On the kernel CI_DRM_2852, the machine fi-gdg-551 hard hanged while running the test igt@drv_hangman@error-state-basicigt@drv_hangman@error-state-basic. No suspicious logs available... Full logs: https://intel-gfx-ci.01.org/tree/drm-tip/CI_DRM_2852/fi-gdg-551/igt@drv_hangman@error-state-basic.html
Created attachment 132789 [details] Dmesg from gdg-551 igt@drv_hangman@error-state-basic
This log was captured with i915.reset=0. Without it, host rebooted instantly when running the test.
Similar death for me on a i915gm (eeepc 700). Worse, it used to work. v3.19 can reset without death.
First foray down the rabbit hole takes a wrong turn: e2c8b8701e2d0cb5b89fa3b5c8acae9dc4f76259 is the first bad commit commit e2c8b8701e2d0cb5b89fa3b5c8acae9dc4f76259 Author: Maarten Lankhorst <maarten.lankhorst@linux.intel.com> Date: Tue Feb 16 10:06:14 2016 +0100 drm/i915: Use atomic helpers for suspend, v2. That commit inserts a deadlock early into the reset. Last known working reset: 1db6e2e7dc2739181bd55c3c41263634803b3cc9 [v4.6] Now for bisect attempt #2 trying to ignore the deadlock.

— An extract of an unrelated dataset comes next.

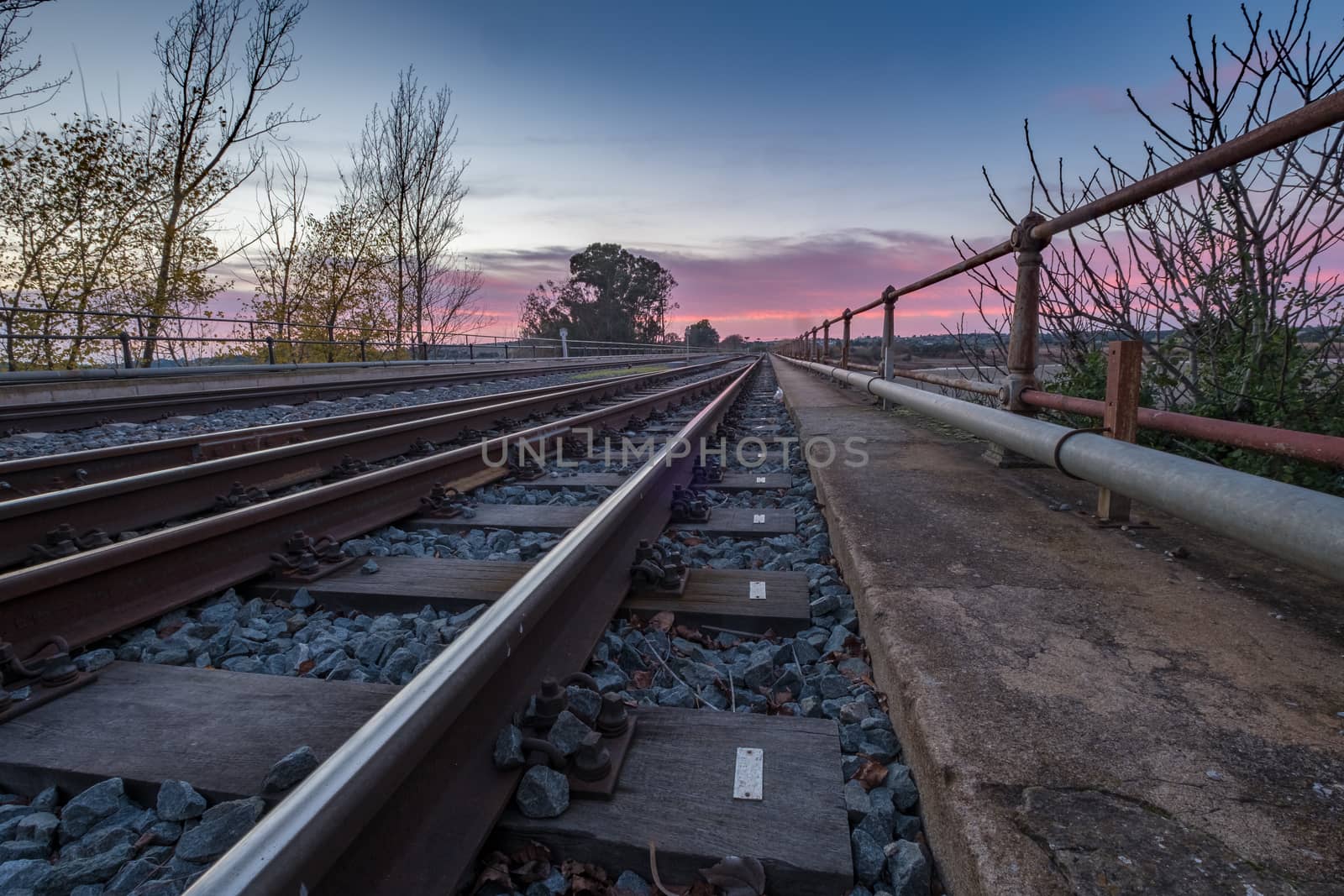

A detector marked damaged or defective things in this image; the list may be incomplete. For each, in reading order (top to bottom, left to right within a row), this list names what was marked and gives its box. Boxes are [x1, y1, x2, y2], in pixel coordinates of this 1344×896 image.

And the not completely unsurprising result from the other side, is... ... drum roll ... commit dfa2997055659b4e706a85fba481050cc7e7ad82 Author: Maarten Lankhorst <maarten.lankhorst@linux.intel.com> Date: Fri Aug 5 23:28:27 2016 +0300 drm/i915: Fix modeset handling during gpu reset, v5. This function would call drm_modeset_lock_all, while the suspend/resume functions already have their own locking. Fix this by factoring out __intel_display_resume, and calling the atomic helpers for duplicating atomic state and disabling all crtc's during suspend. Changes since v1: - Deal with -EDEADLK right after lock_all and clean up calls to hw readout. - Always take all modeset locks so updates during gpu reset are blocked. Changes since v2: - Fix deadlock in intel_update_primary_planes. - Move WARN_ON(EDEADLK) to __intel_display_resume. - pctx -> ctx - only call __intel_display_resume on success in intel_display_resume. Changes since v3: - Rebase on top of dev_priv -> dev change. - Use drm_modeset_lock_all_ctx instead of drm_modeset_lock_all. Changes since v4 [by vsyrjala]: - Deal with skip_intermediate_wm - Update comment w.r.t. mode_config.mutex vs. ->detect() - Rebase due to INTEL_GEN() etc. Signed-off-by: Maarten Lankhorst <maarten.lankhorst@linux.intel.com> Fixes: e2c8b8701e2d ("drm/i915: Use atomic helpers for suspend, v2.") Cc: stable@vger.kernel.org Tested-by: Ville Syrjälä <ville.syrjala@linux.intel.com> Signed-off-by: Ville Syrjälä <ville.syrjala@linux.intel.com> Link: http://patchwork.freedesktop.org/patch/msgid/1470428910-12125-2-git-send-email-ville.syrjala@linux.intel.com (cherry picked from commit 739748939974791b84629a8790527a16f76873a4) Signed-off-by: Jani Nikula <jani.nikula@intel.com> But both are really a single patch implementing display reset using atomic.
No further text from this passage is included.